Won over seemed like maybe wishful thinking. The kid was loosening up a little but was still hanging pretty tough.
"But something's on your mind," he said.
"I don't really want to talk business tonight. But, yes, there's something about our basic thesis that's been troubling me. From a psychological perspective."
"Okay—"
Rebecca glanced back toward the bathrooms to make sure Rachel wasn't coming. "Geppetto. Whether it's Flannery or whoever, we believe the puppet-maker got his training during some secret mind-c
ontrol project in the Vietnam era. Right? And he has some agenda, some statement to make, that has no doubt been conflated seamlessly with a trauma he experienced in his past. But, Mo—the Vietnam War ended, what, twenty-seven years ago!"
"So the problem is—?"
"If the first of Geppetto's subjects was Ronald Parker, or even the one in San Diego that Erik worked on before he was assigned here, in 1995—what took him so long? What was Geppetto doing with his agenda and his bottled-up trauma for twenty-two years? Or, conversely, what happened in 1995 that triggered Geppetto to start up?"

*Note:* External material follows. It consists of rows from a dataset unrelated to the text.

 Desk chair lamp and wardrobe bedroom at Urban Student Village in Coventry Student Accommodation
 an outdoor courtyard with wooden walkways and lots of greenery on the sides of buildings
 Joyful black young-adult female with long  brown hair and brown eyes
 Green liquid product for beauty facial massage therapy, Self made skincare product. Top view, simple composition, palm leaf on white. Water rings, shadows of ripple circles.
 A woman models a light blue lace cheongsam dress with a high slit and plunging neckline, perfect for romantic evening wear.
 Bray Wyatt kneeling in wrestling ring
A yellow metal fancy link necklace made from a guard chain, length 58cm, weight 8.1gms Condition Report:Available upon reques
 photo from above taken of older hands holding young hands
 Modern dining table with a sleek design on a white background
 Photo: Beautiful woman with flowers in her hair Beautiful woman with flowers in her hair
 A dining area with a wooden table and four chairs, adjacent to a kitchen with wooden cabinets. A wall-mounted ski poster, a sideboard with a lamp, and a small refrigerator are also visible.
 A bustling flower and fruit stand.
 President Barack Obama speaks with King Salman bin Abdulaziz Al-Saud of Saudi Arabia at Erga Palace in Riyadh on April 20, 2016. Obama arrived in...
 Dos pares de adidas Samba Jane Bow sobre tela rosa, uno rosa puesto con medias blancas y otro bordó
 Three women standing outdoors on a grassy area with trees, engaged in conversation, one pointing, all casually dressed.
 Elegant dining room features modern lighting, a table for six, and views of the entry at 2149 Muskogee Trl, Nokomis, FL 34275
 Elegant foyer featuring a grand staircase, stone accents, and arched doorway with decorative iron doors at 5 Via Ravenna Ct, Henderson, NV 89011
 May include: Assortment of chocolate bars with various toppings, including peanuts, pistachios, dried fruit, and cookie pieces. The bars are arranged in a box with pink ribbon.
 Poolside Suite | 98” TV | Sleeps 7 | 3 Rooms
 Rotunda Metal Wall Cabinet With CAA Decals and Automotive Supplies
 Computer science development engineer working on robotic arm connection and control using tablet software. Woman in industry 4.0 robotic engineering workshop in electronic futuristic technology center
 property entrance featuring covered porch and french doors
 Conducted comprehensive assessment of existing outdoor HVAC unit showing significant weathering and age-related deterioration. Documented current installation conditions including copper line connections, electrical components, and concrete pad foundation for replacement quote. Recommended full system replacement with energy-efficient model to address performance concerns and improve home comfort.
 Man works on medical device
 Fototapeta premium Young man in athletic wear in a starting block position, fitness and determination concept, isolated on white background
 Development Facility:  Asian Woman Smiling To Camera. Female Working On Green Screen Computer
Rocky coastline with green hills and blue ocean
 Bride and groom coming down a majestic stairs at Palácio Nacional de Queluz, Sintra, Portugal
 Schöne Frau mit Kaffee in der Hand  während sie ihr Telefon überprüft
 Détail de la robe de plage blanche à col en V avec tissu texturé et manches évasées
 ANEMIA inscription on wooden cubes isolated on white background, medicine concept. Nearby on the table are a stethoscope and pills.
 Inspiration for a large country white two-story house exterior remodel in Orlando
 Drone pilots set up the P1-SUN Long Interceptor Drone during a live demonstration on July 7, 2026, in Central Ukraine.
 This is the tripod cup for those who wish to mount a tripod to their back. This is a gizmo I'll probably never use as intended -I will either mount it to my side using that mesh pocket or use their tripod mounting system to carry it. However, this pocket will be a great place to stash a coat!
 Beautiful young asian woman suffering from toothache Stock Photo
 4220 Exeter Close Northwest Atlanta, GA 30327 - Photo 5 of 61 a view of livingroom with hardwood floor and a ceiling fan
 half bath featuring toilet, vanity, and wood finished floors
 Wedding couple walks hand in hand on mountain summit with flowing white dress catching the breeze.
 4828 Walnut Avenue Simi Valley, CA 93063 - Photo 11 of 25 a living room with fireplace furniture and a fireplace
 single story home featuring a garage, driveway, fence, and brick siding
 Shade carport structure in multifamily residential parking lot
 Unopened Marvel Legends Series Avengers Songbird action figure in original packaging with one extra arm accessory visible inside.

Good question. And good questions were windows into solutions. Mo was holding both her hands in both of his as he thought about it. And then Rachel was there, sliding into the seat next to her mother. "Am I interrupting something?" she said caustically. "Excuse me."
Still, they bowled another couple of games, had a pretty good time. They headed out at nine o'clock, the last customers to leave, and the old man locked the door behind them.
They weren't yet at the stage where it was confortable enough for everybody for Mo to drop Rachel at her dad's house. So he drove back across the bridge into Manhattan, not saying anything, feeling the pressure mount again. Rebecca's question had brought it all back. The dump, he was thinking. Tomorrow was Monday, he and St. Pierre would begin looking into junkyards, and they'd start digging into Dennis Radcliffs past to see how Geppetto had acquired him. Maybe they'd find a line to Geppetto. But it felt weak. And he wanted to get to work right away, now, tonight.
When they got to Rebecca's building, he said, "Rachel, I'm going to kiss your mother good-night, and I don't care if you like it or not. If it makes you feel better, I'll give you a kiss, too." Rachel looked affronted for only an instant, then said, "Maybe some other time, big boy." A vamping voice that still dripped with disgust, but so well done they all three laughed. When they got out, he waited until they were safely in the lobby before he pulled away.
Into Brooklyn. The thousand strands of the old bridge, the scintillating lights in the looming dark of the cities on either side of the river, then off at Flushing Avenue, down into the dark maze. Brooklyn streets at night. It was 9:48 on Sunday night, not the best time to barge in, but he'd been wanting to do this for almost two weeks. Not that he exactly believed in Mudda Raymon's prophecy ability and all that. But he couldn't deny she had gotten certain things right: the puppet-puppet, the dump. Could have meant nothing or anything—except that both ended up being relevant. Maybe he was being superstitious, but he found it easier to believe in intuition, even magic, than that much coincidence.